Wednesday, June 11, 2008

A Primary Policy By Any Other Name Is Still a Primary Policy

233rd St. Partnership, L.P. v. Twin City Fire Ins. Co.
(1st Dept., decided 6/10/2008)

State National Insurance Company provided primary CGL coverage to the plaintiff with respect to an underlying personal injury action. Twin City contended that its coverage was excess. New York Supreme agreed with Twin City and declared that it was not obligated to reimburse plaintiffs for their defense expenses in the underlying action.

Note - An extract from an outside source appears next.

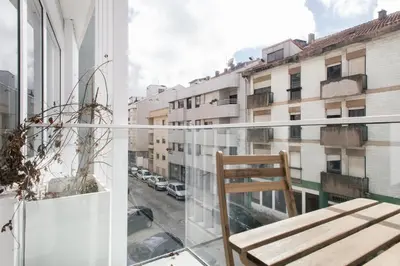 a chair on a balcony with a view of a city at Nomad's Easy Stay - 1BED Porto Marquês in Porto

The First Department REVERSED, holding:
The court erred in basing its determination that defendant's policy was excess solely on the wording of that policy. We find that since, among other things, there is no primary insurance underlying defendant's policy, and its coverage is subject only to the payment of a deductible, the policy is not a true excess policy, but rather is a primary policy that, under certain circumstances, purports to shift losses to other available insurance (see Bovis Lend Lease LMB, Inc. v. Great Am. Ins. Co., __ AD3d __, 2008 NY Slip Op 3150, *9-10 [1st Dept 2008]; Cheektowaga Cent. School Dist. v. Burlington Ins. Co., 32 AD3d 1265 [2006]). Since we find that both State National's and defendant's policies are primary, their other insurance clauses cancel each other out, and both insurers are rendered co-primary (citations omitted).